Name one ethical statement made, or one ethical action performed, by a believer that could not have been uttered or done by a nonbeliever.
Basically, it’s a rhetorical question. Everything religious people can do, non-religious people can do. So your religion doesn’t make you any more moral than the rest of us.
Christian blogger Amy Hall doesn’t think the question is fair, though, and she offers this response to the challenge:
As it happens, there is an answer to Hitchens’s question — one that seemed obvious to me immediately — and it illustrates perfectly the problem with the challenge. The highest moral good a person can do is to worship the living, true, sovereign God — to love Him with all one’s heart, soul, mind, and strength. Not only will no atheist ever do this, no atheist can do this. But of course, since they do not recognize worship as a real, valid moral good, no atheist would accept this response to Hitchens’s challenge. They necessarily reject it precisely because it correctly answers the challenge; because it succeeds, it fails. Any correct answer that exists will necessarily fail…
Of course, we can argue over whether worshiping God is a “moral” act. I don’t think it’s immoral, either, but doesn’t make a damn bit of difference? No.

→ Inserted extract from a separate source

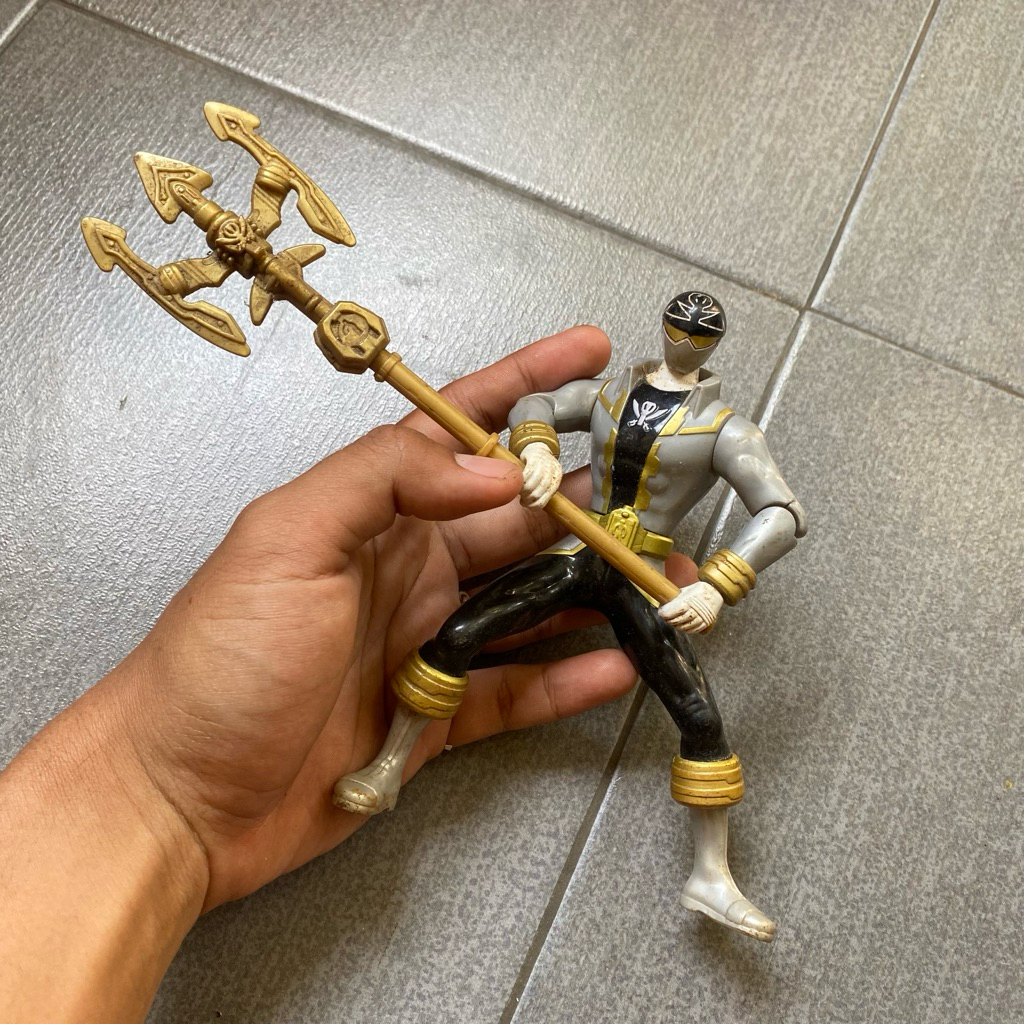 action figure Bandai Power Rangers Super Megaforce Silver Ranger original bandai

Atheist Daniel Florien says something similar:
Atheists would not reject [Amy’s claim] because it “correctly answers the challenge” — they would reject it because the answer is built on unproven presuppositions — for instance, that there is a god, that this god is good and just and sovereign, that this god wants to be worshiped, and that to worship him is a moral action.
If she can prove the answer’s presuppositions, then I would agree Hitchens’s challenge has been answered. But until then, it remains.
What do you think: Is Hitchens’ question a fair one? Is Amy’s concern legitimate?